Dimock had absorbed without question her New Critical and
New Historicist training. For her there were no living researchers engaged in
ongoing archival scholarship, and there never had been living writers engaged
in ongoing creative projects. For her (223), the “standard critique of the
notion of ‘creativity’ is Pierre Macherey, A Theory of Literary Production”
(which she cites in a late translation). She cites approvingly Jerome McGann, a
follower of James Thorpe’s theory of the socialized text (which denigrates the
creative process), and cites Paul Feyerabend’s 1987 “Creativity—A Dangerous
Myth” (223). In that article Feyerabend declares that “the view that culture
needs individual creativity” is “not only absurd but also dangerous” (701). The
creative author is a myth (the reader,
trendy academics had known since the 1970s, creates meaning, not the writer)
and the idea of individual creativity is dangerous, at least to current
critical theory. As Joel Myerson said in Text (1993), McGann suggested
“an almost Marxist, collective ownership of the text among the authors and
other participants in its creation: the ‘workers’ of the text have indeed
united” (115). Dimock does not cite the great 1979 book by Albert Rothenberg, The
Emerging Goddess, which she ought to have known as the “standard” book on
the creative process, and does not cite exciting new work done on creativity
and in the cognitive sciences in the 1980s, particularly on perception and
memory.7 She apparently had no practical
information about the creative process and no idea at all about what real
scholars do, no idea that real scholars compile evidence exhaustively before
daring to try to interpret it. No wonder she typically takes her quotations at
second hand, from people who have quoted passages from other books: picking her
quotations from other books distances her from real scholars working with real
documents.
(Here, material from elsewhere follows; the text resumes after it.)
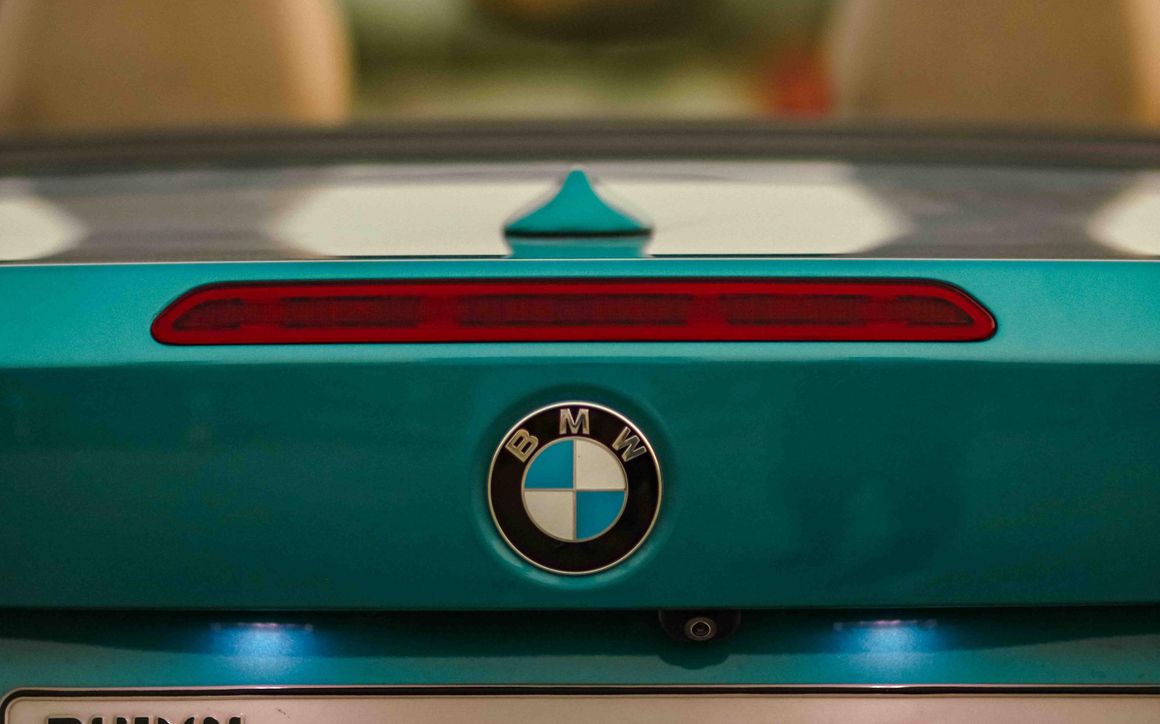 BMW 240 - image 11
As Robert D. Hume says in Reconstructing
Contexts, among New Historicists literary criticism becomes “an elaborate
game played for the self-glorification of the participants” (190).
Remember Sacvan Bercovitch’s praise of Wai-chee Dimock’s Empire
for Liberty (1989), as an early contribution to the New Historicism, “a
model of a new kind of historical scholarship that has absorbed (as distinct
from imitated) ‘European theory’ and whose historicism is a form of
sophisticated multidisciplinary analysis.” A Historicism in which no one does
any historical research.
In 2016 Donald Trump was elected President of the United
States and Wai-chee Dimock was elected Editor of PUBLICATIONS OF THE MODERN
LANGUAGE ASSOCIATION. In 2018 Michiko Katutani published THE DEATH OF TRUTH.